Na manhã desta terça-feira (20), a Polícia Civil do Rio Grande do Sul deflagrou a Operação Bunkers, uma ação simultânea contra duas organizações criminosas que utilizavam condomínios populares em Canoas como bases fortificadas para crimes como tráfico de drogas, homicídios, extorsão e cárcere privado.
Com mandados cumpridos em duas frentes — a 3ª e a 1ª Delegacias de Polícia (DP) de Canoas —, a operação expôs a complexidade de esquemas que mantinham moradores reféns do medo e de estruturas paralelas de poder.
Condomínios como “flak towers” do crime
Inspirados nas torres de defesa antiaérea alemãs da Segunda Guerra, os chamados “bunkers” em Canoas serviam como redutos quase impenetráveis.
Dois condomínios, em lados opostos da cidade, eram controlados por facções rivais: uma aliada a grupos do Vale do Rio dos Sinos (Novo Hamburgo e São Leopoldo) e outra com ramificações em Porto Alegre.
Ambos replicavam um modelo de domínio territorial que incluía controle de serviços internos, extorsão e até empresas de fachada para lavagem de dinheiro.

Bunker I: o império do tráfico e da lavagem
Coordenada pela delegada Luciane Bertoletti, da 3ª DP, a primeira fase da operação mirou um condomínio com mais de 4.800 residentes. Foram cumpridos 57 mandados (preventivas, buscas e bloqueio de contas), desarticulando uma rede que atuava há mais de um ano.
: Controle total: Os criminosos comandavam não apenas o tráfico intramuros, mas também empresas de limpeza, vigilância e uma imobiliária suspeita. Líderes presos continuavam a operar de dentro do sistema prisional.
: Lavagem sofisticada: Fragmentação de transferências, contas em múltiplos bancos e transações acima da capacidade financeira dos investigados mascaravam o dinheiro do tráfico. “Eles usavam contas de ‘laranjas’ sem profissão conhecida”, explicou Bertoletti.
: Hierarquia rigorosa: Membros tinham funções específicas, de logística a embalagem de drogas, comunicando-se via aplicativos criptografados.
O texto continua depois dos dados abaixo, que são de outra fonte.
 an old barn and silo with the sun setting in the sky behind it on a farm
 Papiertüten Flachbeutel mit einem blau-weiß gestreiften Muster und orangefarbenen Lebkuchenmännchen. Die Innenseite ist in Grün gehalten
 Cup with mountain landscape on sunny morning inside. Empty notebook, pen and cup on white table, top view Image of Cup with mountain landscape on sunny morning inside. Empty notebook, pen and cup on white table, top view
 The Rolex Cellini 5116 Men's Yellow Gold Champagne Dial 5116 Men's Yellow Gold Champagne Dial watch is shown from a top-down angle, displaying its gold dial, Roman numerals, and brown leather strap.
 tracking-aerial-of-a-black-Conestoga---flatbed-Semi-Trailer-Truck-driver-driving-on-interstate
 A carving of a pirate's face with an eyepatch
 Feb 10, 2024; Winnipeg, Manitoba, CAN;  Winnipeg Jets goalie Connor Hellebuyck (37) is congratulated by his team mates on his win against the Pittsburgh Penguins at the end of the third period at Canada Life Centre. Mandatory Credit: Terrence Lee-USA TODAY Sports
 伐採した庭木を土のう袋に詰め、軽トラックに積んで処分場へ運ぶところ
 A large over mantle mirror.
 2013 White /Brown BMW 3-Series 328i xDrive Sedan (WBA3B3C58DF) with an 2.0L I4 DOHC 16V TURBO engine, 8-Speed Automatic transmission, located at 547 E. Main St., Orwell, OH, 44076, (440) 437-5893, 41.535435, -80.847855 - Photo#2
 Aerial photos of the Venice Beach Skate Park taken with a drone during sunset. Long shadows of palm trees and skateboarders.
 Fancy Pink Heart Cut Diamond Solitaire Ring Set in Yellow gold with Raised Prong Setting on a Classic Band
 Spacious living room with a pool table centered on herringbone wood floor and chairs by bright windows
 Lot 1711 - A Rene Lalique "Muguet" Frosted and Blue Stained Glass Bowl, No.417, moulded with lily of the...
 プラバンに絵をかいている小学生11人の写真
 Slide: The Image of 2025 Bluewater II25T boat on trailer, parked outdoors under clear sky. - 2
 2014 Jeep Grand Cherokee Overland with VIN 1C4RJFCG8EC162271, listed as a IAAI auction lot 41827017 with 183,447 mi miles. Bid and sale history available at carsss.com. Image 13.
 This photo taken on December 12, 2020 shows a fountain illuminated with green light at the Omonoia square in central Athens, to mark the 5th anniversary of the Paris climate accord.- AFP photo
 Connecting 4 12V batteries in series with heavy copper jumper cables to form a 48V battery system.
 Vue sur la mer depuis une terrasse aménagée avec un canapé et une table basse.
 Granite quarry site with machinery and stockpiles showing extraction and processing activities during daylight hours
Bunker II: cárcere, retaliação e guerra ao estado
Já a 1ª DP, sob o comando do delegado Marco Guns, investigou um caso chocante de cárcere privado em outro condomínio. Em dezembro de 2024, uma mulher e seus dois filhos (um deles autista) foram sequestrados por cinco homens armados, a mando de líderes faccionais presos. O motivo: vingança contra um ex-aliado que mudou de facção.
: Terror doméstico: A vítima relatou que os criminosos invadiram seu apartamento, trancaram as crianças e monitoraram o cativeiro por videoconferência. Apenas após cinco dias, conseguiu negociar a liberdade alegando mudança de estado.
: Ataque à polícia: Dias depois, o mesmo condomínio foi palco de um confronto entre PMs e moradores, que rechaçaram as viaturas com tiros e fogos de artifício. Onze carros foram incendiados em retaliação.
: Domínio paralelo: “O local é uma mina de ouro para o tráfico. Os moradores pagam taxas arbitrárias e veem armas e drogas circularem livremente”, disse Guns.

Prisões e bloqueio financeiro
Ao todo, sete presos foram capturados na operação, além do bloqueio de recursos financeiros e apreensão de provas. O diretor da 2ª Delegacia Regional, Cristiano Reschke, destacou o padrão das facções: líderes presos ditavam ordens de dentro das penitenciárias, enquanto empresas de fachada lavavam milhões.
Um dos alvos investigados vivia em uma casa fortificada: muros altos com concertina, câmeras, cães pitbull e paredes reforçadas com chapas de aço. “Isso mostra o nível de preparo para desafiar o Estado”, acrescentou Reschke.
A operação revelou um cenário de medo e silêncio: moradores eram coagidos a não denunciar, seja por ameaças ou por benefícios ilícitos. Para as autoridades, porém, o desmantelamento é só o início. “Queremos devolver a normalidade a essas comunidades”, afirmou Bertoletti.